Healthcare costs are increasing in the USA and Canada and a substantial portion of health spending is devoted to services that do not improve health outcomes. Efforts to reduce waste by adopting evidence-based clinical practice guideline recommendations have had limited success. We sought insight into improving health system efficiency through understanding cardiologists’ perceptions of factors that influence clinical decision-making.
In this descriptive qualitative study, we conducted in-depth interviews with 18 American and 3 Canadian cardiologists. We used conventional content analysis including inductive and deductive approaches for data analysis and mapped findings to the ecological systems framework.
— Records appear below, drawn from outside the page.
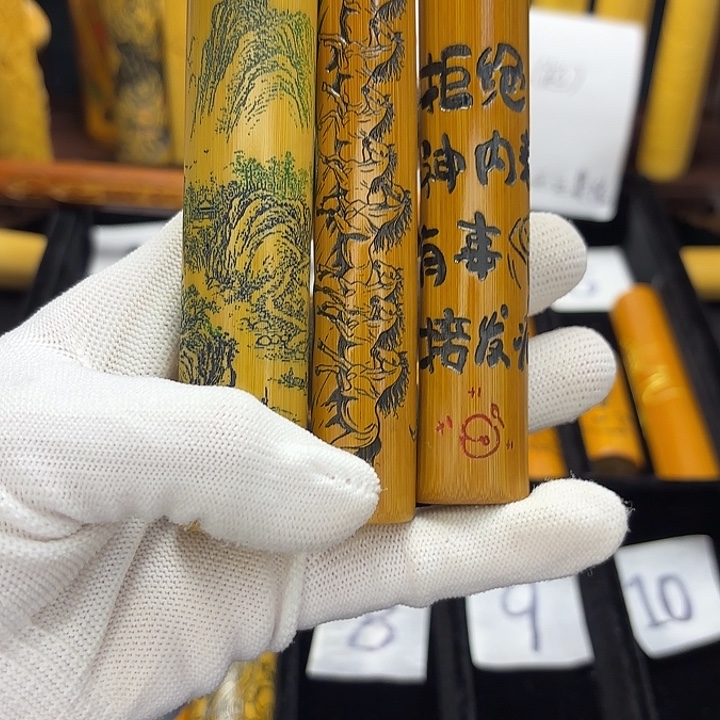 夜***绪竹类涂精品实心玉竹系列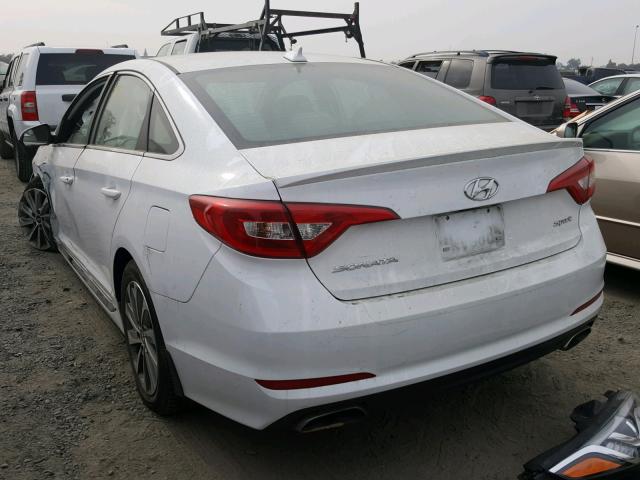 5NPE34AF2GH334051 - 2016 HYUNDAI SONATA SPO WHITE photo 3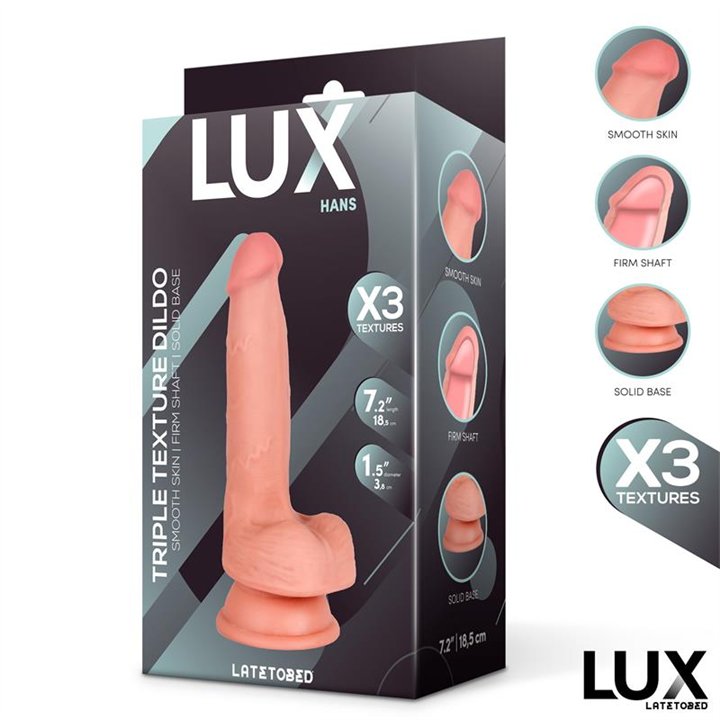 Hans Triple Density Dildo with Balls 7.2 - LX-796 - Teknashop Ltd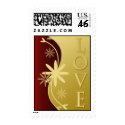 Love Wedding Invitation Postage Stamp by EverAfter Love Wedding Invitation Postage Stamp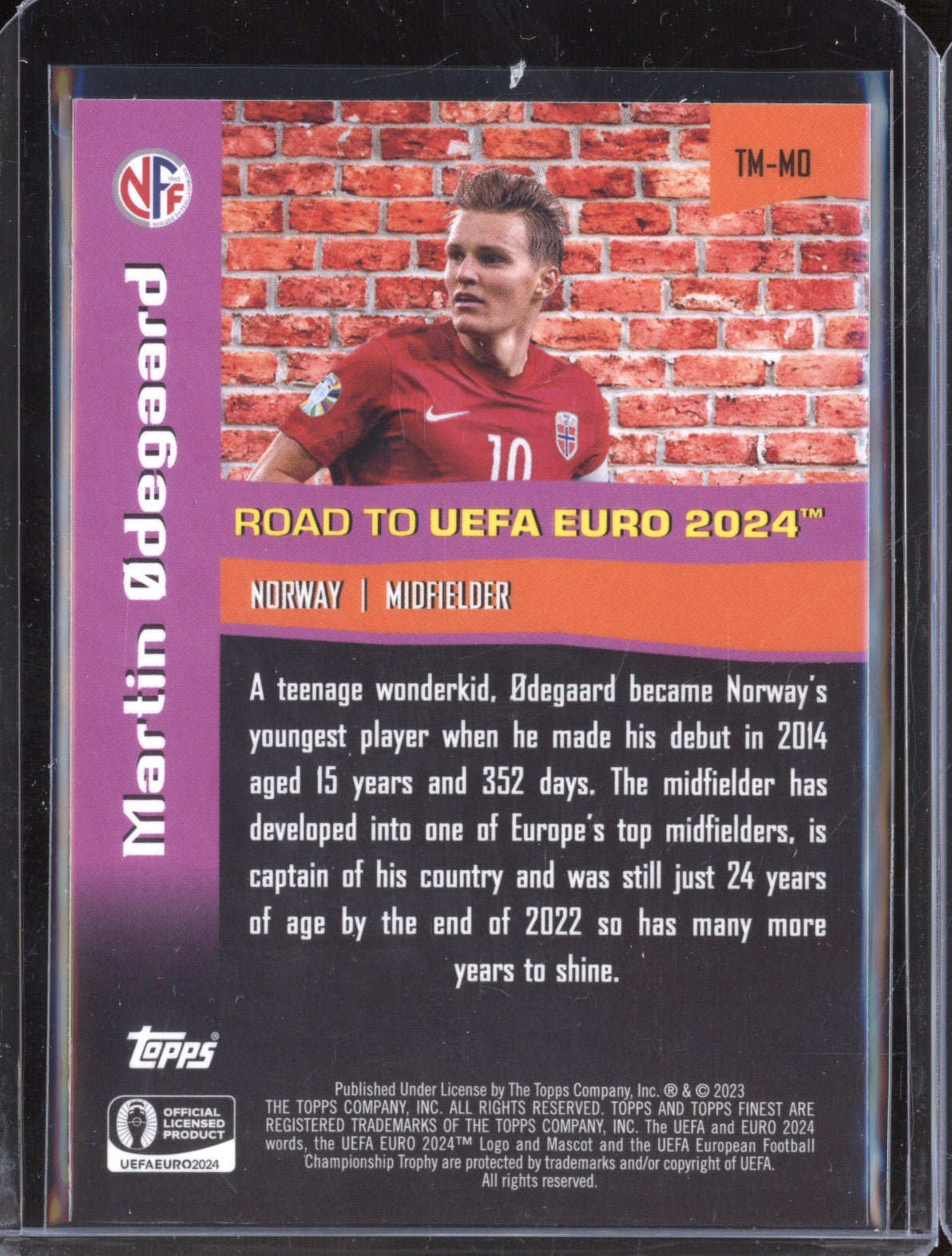 Martin Odegaard 2023 Toops Finest Euro TM-MD The Man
Physicians reported that major determinants of practice included interpersonal interactions with peers, patients and administrators; financial incentives and system factors. Patients’ insurance status represented an important consideration for some cardiologists. Other major influences included time constraints, fear of litigation (less prominent in Canada), a sense that their obligation was never to miss any underlying pathology, and patient demands. The need to bring income into their health system influenced American cardiologists’ practice; personal income implications influenced Canadian cardiologists’ practice. Cardiologists reported that knowledge limitations and logistical challenges limit their ability to assist patients with cost considerations. All these considerations were more influential than guidelines; some cardiologists expressed a high level of scepticism regarding guidelines.
Clinical decision-making by cardiologists is shaped by individual, interpersonal, organisational, environmental, financial and sociopolitical influences and only to a limited extent by guideline recommendations. Successful strategies to achieve efficient, evidence-based care will require addressing socioecological influences on decision-making.